Il s'ensuit que la société cotisante a été mise en mesure d'avoir connaissance de la nature, de la cause et de l'étendue de son obligation.
La caisse chiffre le montant actualisé des sommes restant dues à 7 605,42 euros, qu'elle décompose en 6 401,69 euros de cotisations et 1 203,73 euros de majorations, par référence aux pièces 12, 12 bis et 12ter de son dossier.
La consultation de la pièce numérotée 12ter intitulée «liste des validités dans la procédure CT18004 », édité au 24 mai 2019, comporte une série de six montants portés en «solde» (367,42 +143,14 + 19,38 + 20,26 + 730,65 + 6324,57), ainsi que la caisse l'explicite dans ses écritures, dont le total est de 7605,42 euros.

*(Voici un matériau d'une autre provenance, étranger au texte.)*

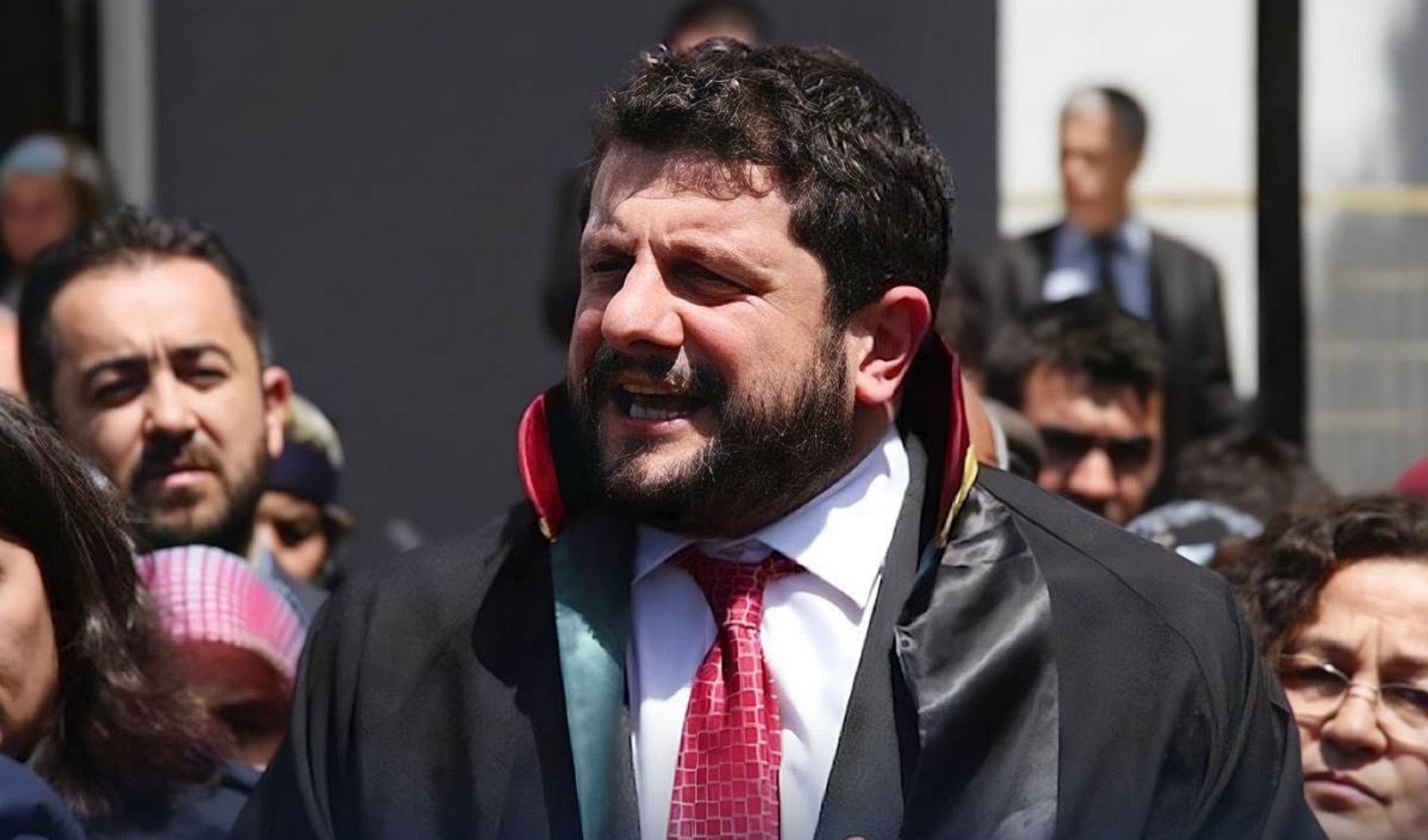 Tutuklu Can Atalay'dan TBMM Başkanı Numan Kurtulmuş'a mesaj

Alors qu'il appartient à l'opposant à la contrainte de rapporter la preuve du caractère infondé de la créance dont le recouvrement est poursuivie par l'organisme social, aucune des pièces que la société cotisante produit aux débats ne permet de conclure au caractère erroné des sommes réclamées et la circonstance que la caisse actualise le montant de sa créance qu'elle ramène à la somme de 7 605,42 euros n'en remet pas en cause le bien fondé, la différence qu'il peut être constatée dans la ventilation des sommes restant dues, en principal et majorations, par rapport à celles figurant dans la contrainte s'expliquant par la règle d'imputation des versements.
Aussi, infirmant le jugement en ce qu'il a annulé la contrainte notifiée le 24 juillet 2018, la cour valide la contrainte pour un montant actualisé de 7 605,42 euros, auquel s'ajoute les frais de notification pour 4,72 euros.
A l'appui de sa demande de dommages-intérêts, la société cotisante reproche à la caisse, d'une part, son retard dans l'appel des cotisations notamment celles du premier trimestre 2012, ce qui l'aurait placée en difficulté pour faire face à la fois aux échéances courantes et aux arriérés et serait la cause de la perte de marchés comme de la dégradation de l'état de santé de son gérant, d'autre part, la multiplication des mises en demeure, confinant selon elle au harcèlement.
S'il ressort des pièces du dossier de la société cotisante que celle-ci a été destinataire le 4 juin 2015 d'un relevé de situation valant appel de cotisations le 4 juin 2015 pour les cotisations du 1er trimestre 2012, pour autant alors qu'elle savait qu'elle serait débitrice de cotisations salariales, elle se devait de les provisionner dans sa comptabilité, de sorte qu'elle ne saurait reporter sur la caisse les conséquences de sa défaillance comptable. Enfin elle allègue avoir perdu des marchés au motif qu'elle n'était pas à jour de ses cotisations sans toutefois produire aux débats des éléments permettant d'établir la preuve, pas plus qu'elle produit d'élément au soutien du chiffrage à 100 000 euros de préjudice. Dans ces conditions, la demande en paiement de dommages-intérêts formées par la société cotisante n'est pas fondée et doit être rejetée.
Compte tenu de l'issue du litige, la société cotisante est tenue aux dépens d'appel.
PAR CES MOTIFS
La cour,
Statuant par arrêt contradictoire, mis à disposition au greffe et en dernier ressort,
CONFIRME le jugement en ce qu'il a déclaré recevable l'opposition formée par la société [4],
L'INFIRME dans ses autres dispositions,
Statuant à nouveau des chefs infirmés,
VALIDE la contrainte notifiée le 24 juillet 2018 par la [5] à la société SCEA [4] pour le montant actualisé la somme de 7 605,42 euros en cotisations, contributions et majorations de retard, au titre de l'année 2014 et du 3ème trimestre 2016, outre les majorations complémentaires,
Y ajoutant,
REJETTE comme étant non fondée la demande en paiement de dommages-intérêts de la société [4],
CONDAMNE la société [4] aux dépens d'appel auxquels s'ajoute les frais de notification de la contrainte d'un montant de 4,72 euros.